Which refinancing options are best for you?
At Summit Mortgage, our top priority is to go through all the refinancing options in order to find the best loan program for your needs. You can help us by thinking about a few things in advance.
Are you looking for a way to lower your rate and monthly payment?
Do you have a fixed-rate mortgage with a high rate? Or do you have an adjustable rate mortgage (ARM)? Then a fixed-rate loan at a lower rate might be your best choice. It would enable you to lock in that rate for the life of your loan – an especially good strategy when you plan to stay in your home for at least five or more years. If you’re planning to move within five years, then an ARM with a low initial rate could be a better way to reduce your monthly payment.
Are you refinancing primarily to cash out some home equity?
Maybe you want to pay for home improvements, your child’s college tuition, or a dream vacation. Have you had your current mortgage for several years, or are you paying a higher rate than current interest rates? Then you might qualify for a loan that’s larger than the remaining balance on your current mortgage. You may not even have to increase your monthly payment.
You want to cash out some equity to consolidate other debt?
If you have the equity in your home to make it work, paying off other debt with higher interest rates than the rate of your mortgage could save you hundreds of dollars every month. This can be an ideal way to reduce or eliminate debt such as credit cards, home equity loans, car loans, or student loans.
Do you want to build up home equity more quickly, and pay off your mortgage sooner?
It does wonders for your peace of mind to know that you’re financially well positioned for the years ahead.

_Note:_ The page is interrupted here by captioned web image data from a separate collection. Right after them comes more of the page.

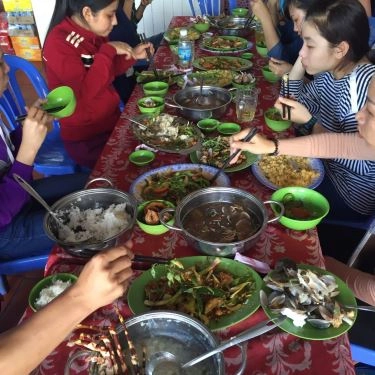 Tổng hợp- Quán Ăn Hải Sản Ốc Biển - Bờ Kè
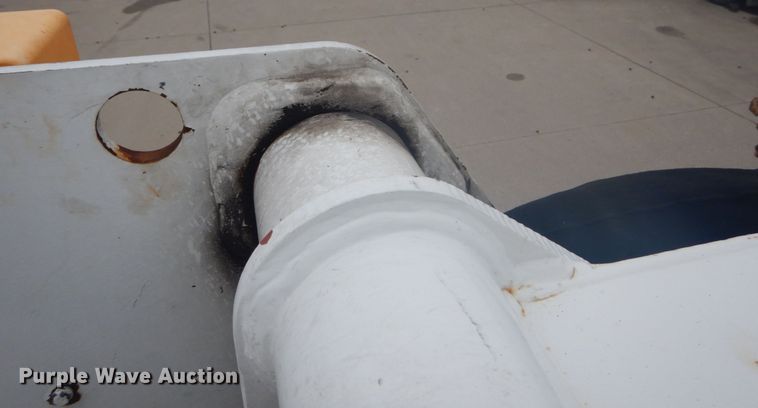 image for item GB9822 2006 Freightliner Business Class M2 digger derrick truck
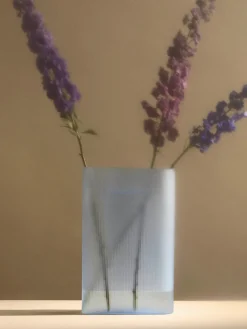 Ridge Vase, taupe frosted glass fra Muuto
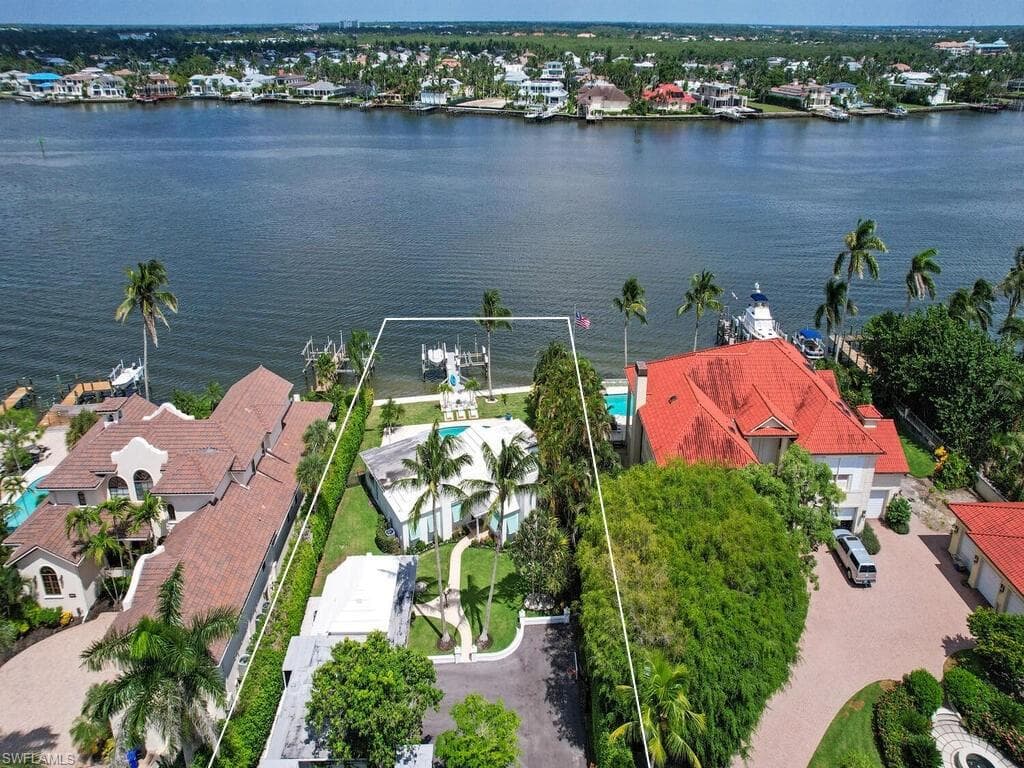 2143 Marina Dr, Naples, FL 34102-2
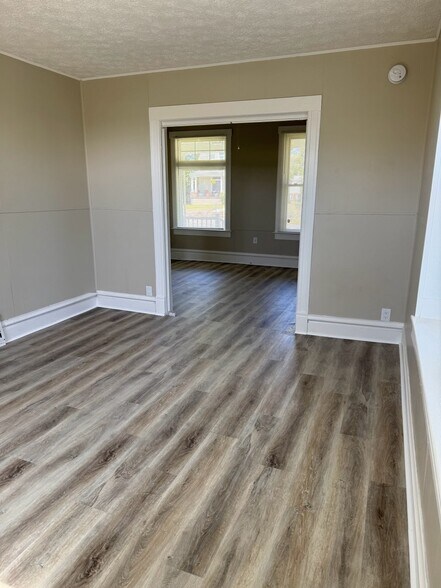 Building Photo - 950 E Indiana Ave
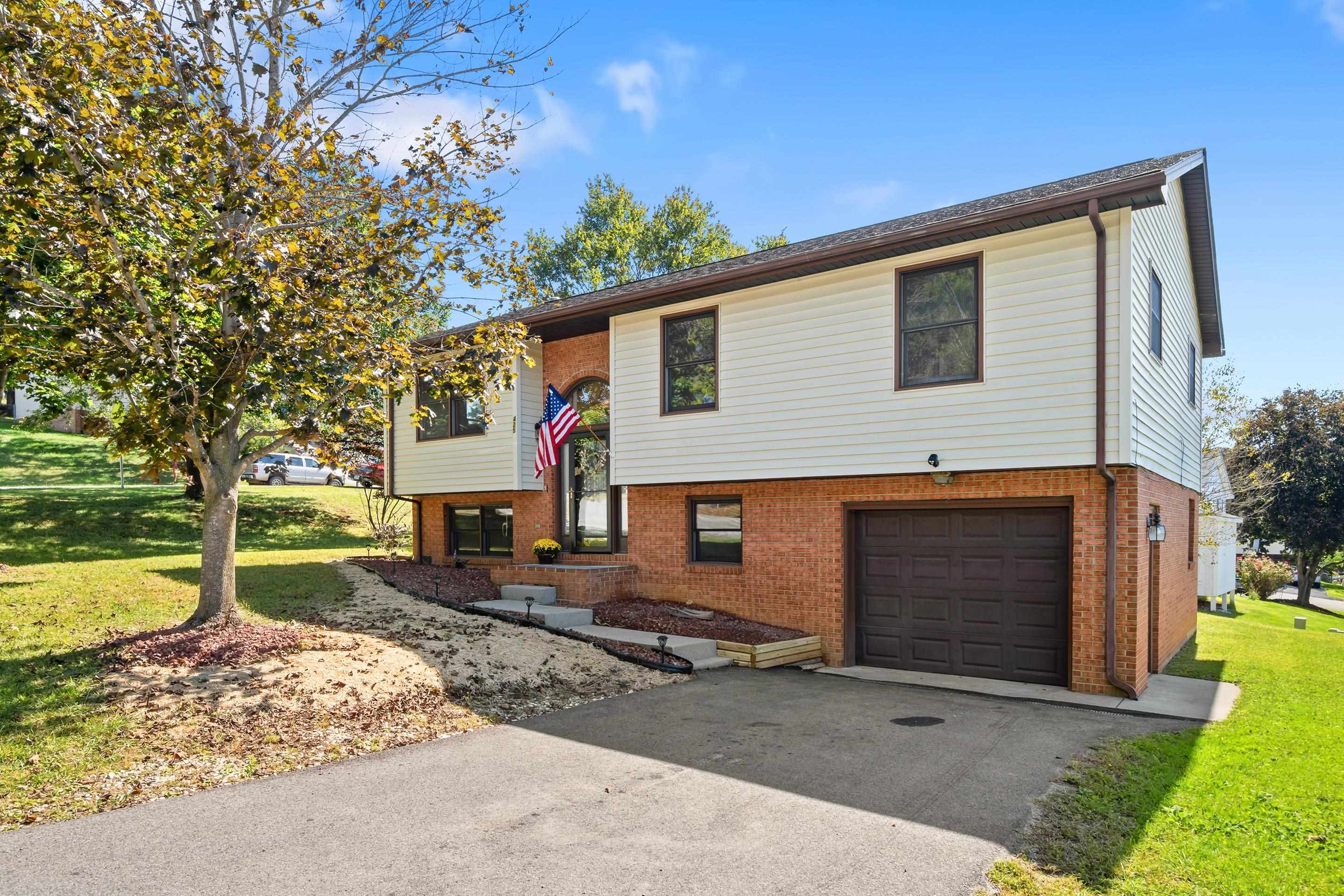 425 Independence Boulevard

If building home equity and paying off your mortgage sooner is a priority, we can help you find the best way to do it.
By refinancing with a shorter-term loan such as a 15-year mortgage, your payments may be slightly higher or even the same than for a longer-term loan, but you’ll pay substantially less interest over time, and build up equity more quickly.
For example, say you’ve got a $150,000 30-year mortgage at 8% years ago. Your monthly payment is about $1,100 (exclusive of taxes, insurance, and so on). If your loan balance is down to $130,000 today, you might take out a 15-year mortgage at 6% and have an almost identical monthly payment. If you’ve had a 30-year mortgage for many years and your loan balance is relatively low, you may even be able to reduce your monthly payment.